Here's a true story for budget week in Ireland. A young couple I know recently moved into the first home they can call their own, courtesy of their parents who used their pension savings to buy the property. The arrangement is that instead of the young couple paying a landlord they will pay the parents a monthly rent and eventually will inherit the house when the parents pass away.
This young couple has two small kids and both of them work, one as a musician and the other as an art teacher. Since they don't have full-time permanent jobs and are low earners, getting a mortgage was not possible. Even if they had money for a deposit -- which they didn't -- music and art would not be high up their bank's list of preferred professions for loan candidates.
Up to this they had been losing close to half their income on rent. They are paying a good deal less now and the arrangement gives them real hope for the future as well as a priceless feeling of security. But they still have to work hard to pay the parents every month.
Their new home is in Marino, a 1930s garden estate of over 1,000 small houses on the north side of Dublin. Being close to the city center it's a popular area for young couples buying a first home. Prices in the area are still just about affordable for young high earners, although in the last year they have soared.
Neither the young couple nor their parents had any money left over when the house was bought early last year. The home is habitable and has heating, but little has been done to it over the years. It needs modernization, a new bathroom, a kitchen extension and so on. But all of that -- and new windows to replace the rusting original metal frame ones -- will have to wait.
So they cleaned and painted and moved in, and they're as happy as can be. Five years or more from now they might be able to pay for all of the upgrading work that remains to be done.
Now here's where it gets interesting. At the other end of the street there is another house exactly like theirs -- all the houses in the estate are the same -- which used to be home to an elderly couple. Earlier this year that house was put up for sale and although other young couples were interested and made offers, the city council outbid them and bought it.
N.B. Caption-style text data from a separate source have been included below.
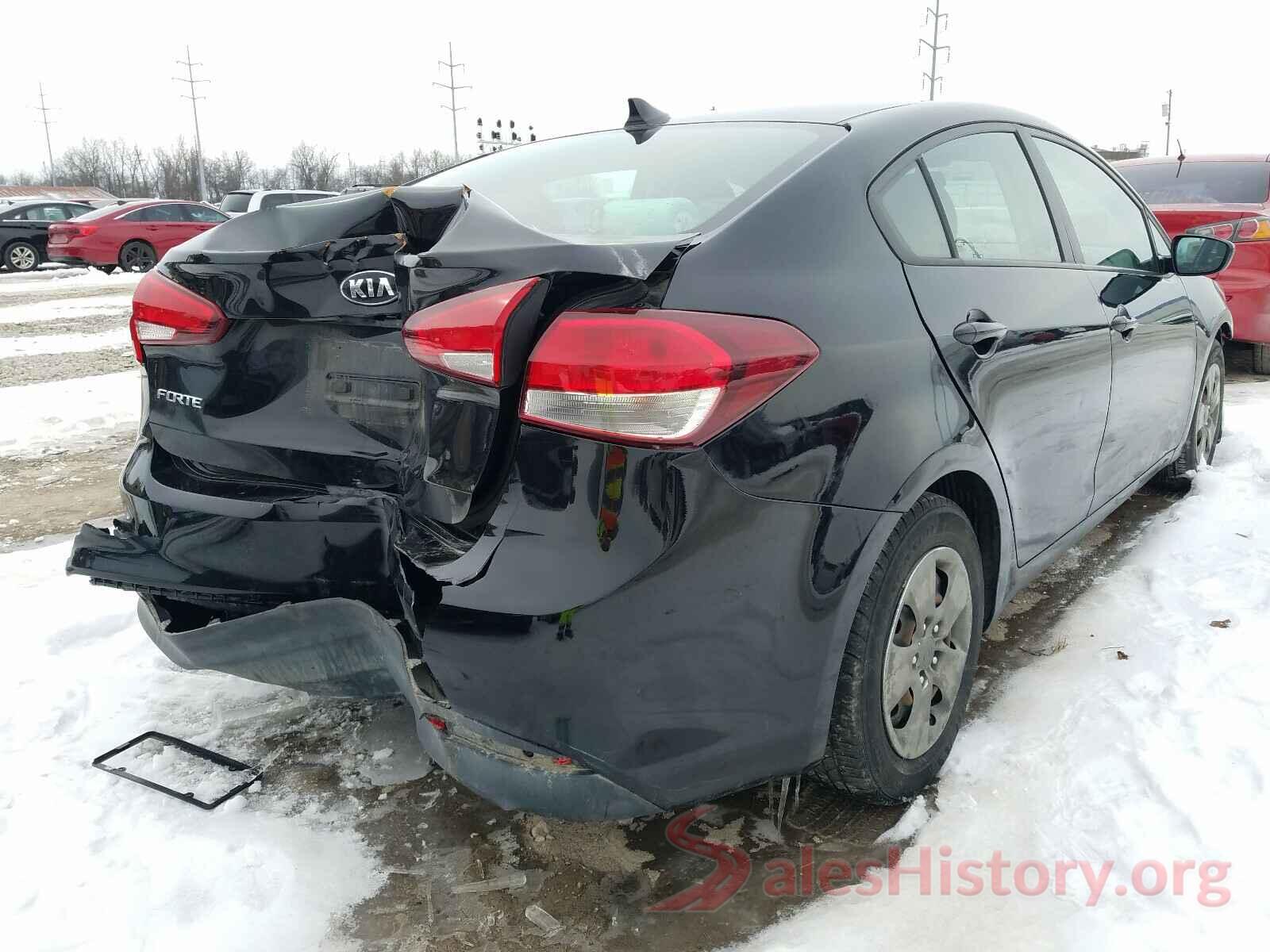 3KPFK4A77JE170016 2018 KIA FORTE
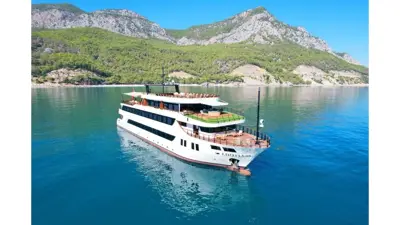 52.1m LIMITLESS Commercial Cruise Motor Yacht – 13 Cabins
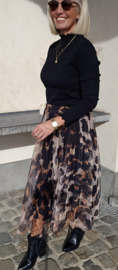 LEO tule skirt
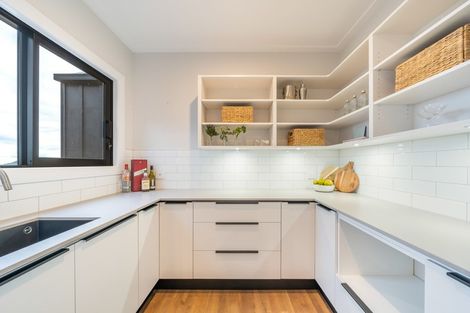 Photo of property in 229 Fairview Drive, Birchville, Upper Hutt, 5372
This is not all that unusual in Dublin these days. Because of the critical shortage of social housing and the delays in building more, the councils have begun to buy some private houses as a fast way of providing social housing to people on the housing list. This one cost the council around €350,000.
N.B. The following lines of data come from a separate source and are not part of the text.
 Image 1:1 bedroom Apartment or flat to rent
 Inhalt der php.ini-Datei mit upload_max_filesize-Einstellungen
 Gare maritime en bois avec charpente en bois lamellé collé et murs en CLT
Nothing happened for a few months after the sale. Then a large skip appeared on the road outside and a team of council workers arrived and began to strip the inside of the house back to the bare walls, removing internal doors, floors, etc. and putting in a new front door, new windows, a new heating system, new wiring, new kitchen, new bathroom, etc. Even the beautiful original pine panel doors inside the house were thrown in the skip.
It is likely that the cost of the refurbishment works was at least €60,000 and may have been considerably more than that. Some weeks later the new tenants arrived, a family who had been on the council housing list waiting for a home. No doubt they are very happy and there is no reason to begrudge them their good fortune; they may have been on the social housing waiting list for years.
House prices: Ireland third in the world for price growth https://t.co/OYuOZ2EL1z— Irish Times Business (@IrishTimesBiz) September 26, 2017
But there is a problem with this. The rent the new tenants will pay to the council for their fully refurbished house will be calculated at council rates and related to family size and household income. It is unlikely to be more than €100 a week and could be less than that, depending on family circumstances.
In contrast with this, the young couple I know are paying around €1,000 a month to their parents, their house has no modern improvements and, most important, they have not cost the state a cent.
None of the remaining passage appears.